Coursera Data Science Capstone (Week 2)

The presented document shows some data exploratroy analysis on the text data that can be downloaded from here. The main objective of this assignment is to make the sample corpus, build the 2-gram and 3-gram TDM and carry out exploratory analysis on the corpus.

Preparation

The following packages are required:

library(NLP)
library(ggplot2)
library(tm)
library(textmineR)
library(wordcloud)
library(stringr)
library(RWeka)
library(SnowballC)
library(data.table)

Reading text files:

dataBlogEn <- readLines("en_US.blogs.txt", encoding = "UTF-8", skipNul = TRUE)
dataNewsEn <- readLines("en_US.news.txt", encoding = "UTF-8", skipNul = TRUE)
dataTwitterEn <- readLines("en_US.twitter.txt", encoding = "UTF-8", skipNul = TRUE)

Basic Exploratory Analysis:

Nummber of English blog lines: 899288.
Nummber of English news lines: 77259.
Nummber of English Twitter lines: 2360148.
Nummber of words in English blog: 37873924.
Nummber of words in English News: 2662071.
Nummber of words in English Twitter: 30555635.

Sampling

Now, because the files are too big to be handled by my computer, 2000 lines of each file are sampled and binded and used in the report.

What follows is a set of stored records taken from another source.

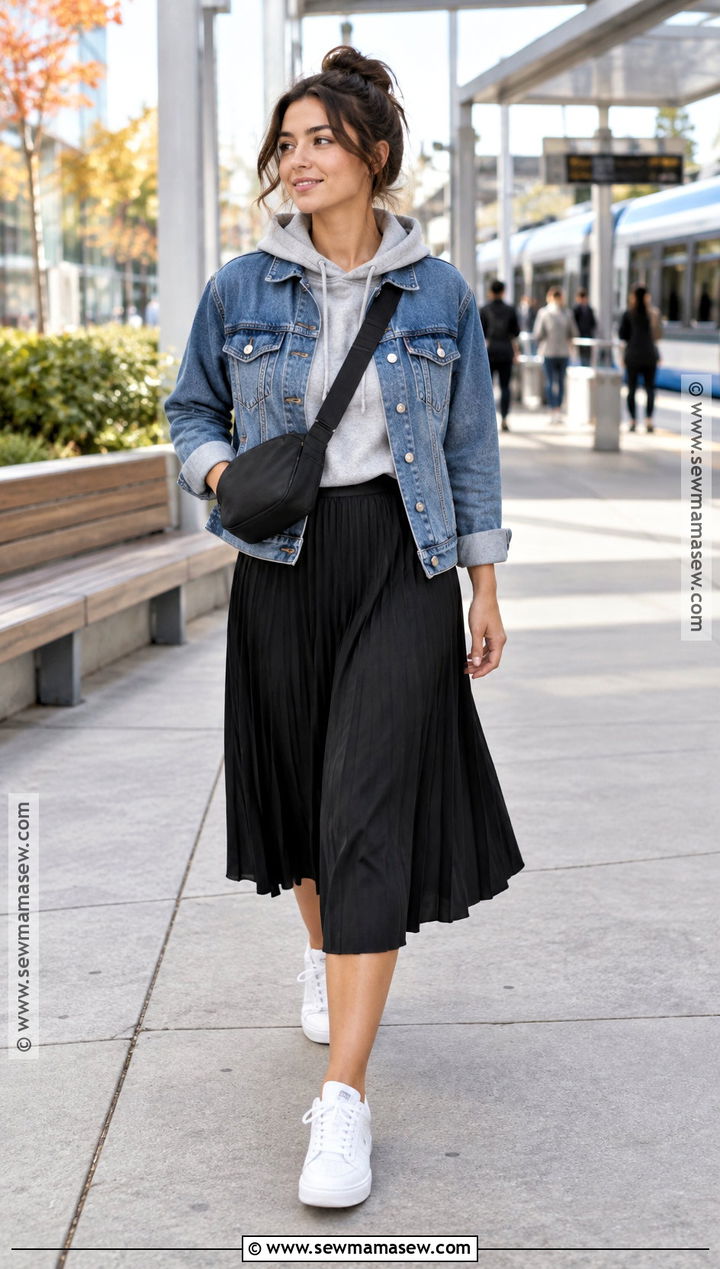 Pleated Midi Skirt With Hoodie And Denim Jacket - 20 pleated skirt fall outfit ideas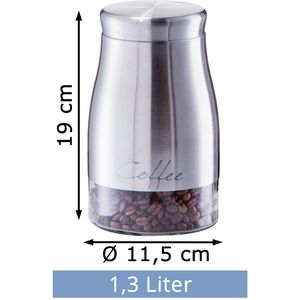 Produktbild für Kaffeedose Zeller 19892 Coffee, aus Edelstahl / Glas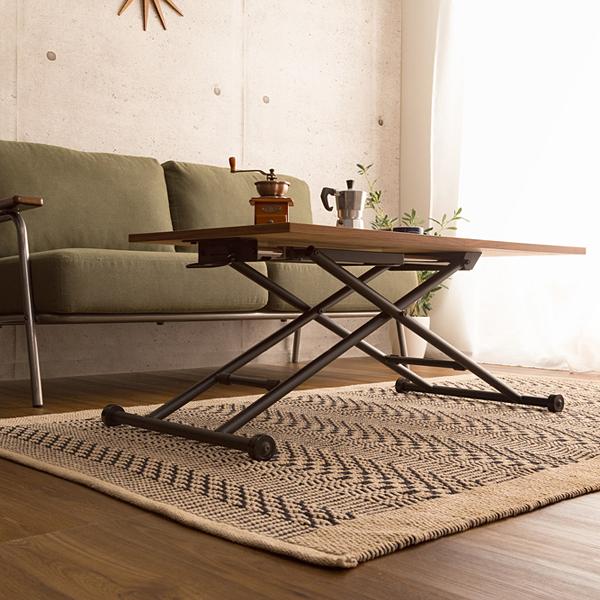 テーブル 昇降式 ダイニング リビング デスク 机 おしゃれ 北欧 カフェ風 西海岸風 レトロ 折り畳み 折りたたみ 無段階 ガス圧 昇降テーブル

sampleBlog <- readLines("en_US.blogs.txt", 2000)
sampleNews <- readLines("en_US.news.txt", 2000)
sampleTwitter <- readLines("en_US.Twitter.txt", 2000)
bindData <- c(sampleBlog, sampleNews, sampleTwitter)

Tidying Up the Text

All numbers and non-word letters, punctuations, extra spaces and stop words are removed from the text and uppercase letters are lowercased.

#Removing all non word and number characters
bindData <- gsub('\\W', ' ', bindData)
#Removing all numbers
bindData <- gsub('\\d', ' ', bindData)
#Conveting all letters into lowercase
bindData <- tolower(bindData)
#Removing stop words
bindData <- removeWords(bindData, stopwords(kind = "en"))
#removing all one-letter words
bindData <- gsub("\\b\\w\\b", " ", bindData)
#removing all empty spaces
bindData <- gsub("\\s{2,}", " ", bindData)

Corpus

The cleaned text is turned into a corpus:

dataCorpus <- Corpus(VectorSource(bindData))

N-Gram Tokenization

Unigram, bigram and trigram are built using RWeka package:

oneGramToken <- NGramTokenizer(dataCorpus, Weka_control(min = 1, max = 1))
oneGram <- data.frame(table(oneGramToken))
oneGram <- oneGram[order(oneGram$Freq, decreasing = TRUE),]
colnames(oneGram) <- c("Word", "Freq")
oneGram <- head(oneGram, 12) 
oneGramFreqPlot <- ggplot(oneGram, aes(x=reorder(Word, Freq),y=Freq)) + 
  geom_bar(stat="identity", fill=  "white", color='black') + 
  ggtitle("Unigrams Frequency") + 
  xlab("Words") + ylab("Frequency") + 
  theme_bw()+
  theme(axis.text.x=element_text(angle=45, hjust=1))
twoGramToken <- NGramTokenizer(dataCorpus, Weka_control(min = 2, max = 2))
twoGram <- data.frame(table(twoGramToken))
twoGram <- twoGram[order(twoGram$Freq, decreasing = TRUE),]
colnames(twoGram) <- c("Word", "Freq")
twoGram <- head(twoGram, 12) 
twoGramFreqPlot <- ggplot(twoGram, aes(x=reorder(Word, Freq),y=Freq)) + 
  geom_bar(stat="identity", fill=  "white", color='black') + 
  ggtitle("Bigrams Frequency") + 
  xlab("Words") + ylab("Frequency") + 
  theme_bw()+
  theme(axis.text.x=element_text(angle=45, hjust=1))
threeGramToken <- NGramTokenizer(dataCorpus,Weka_control(min = 3, max = 3))
threeGram <- data.frame(table(threeGramToken))
threeGram <- threeGram[order(threeGram$Freq, decreasing = TRUE),]
colnames(threeGram) <- c("Word", "Freq")
threeGram <- head(threeGram, 12) 
threeGramFreqPlot <- ggplot(threeGram, aes(x=reorder(Word, Freq),y=Freq)) + 
  geom_bar(stat="identity", fill=  "white", color='black') + 
  ggtitle("Trigrams Frequency") + 
  xlab("Words") + ylab("Frequency") + 
  theme_bw()+
  theme(axis.text.x=element_text(angle=45, hjust=1))
oneGramFreqPlot

twoGramFreqPlot

threeGramFreqPlot

Next Steps

After performing basic exploratory data analysis, the next steps would be to build a predictive model and to develop a shiny app.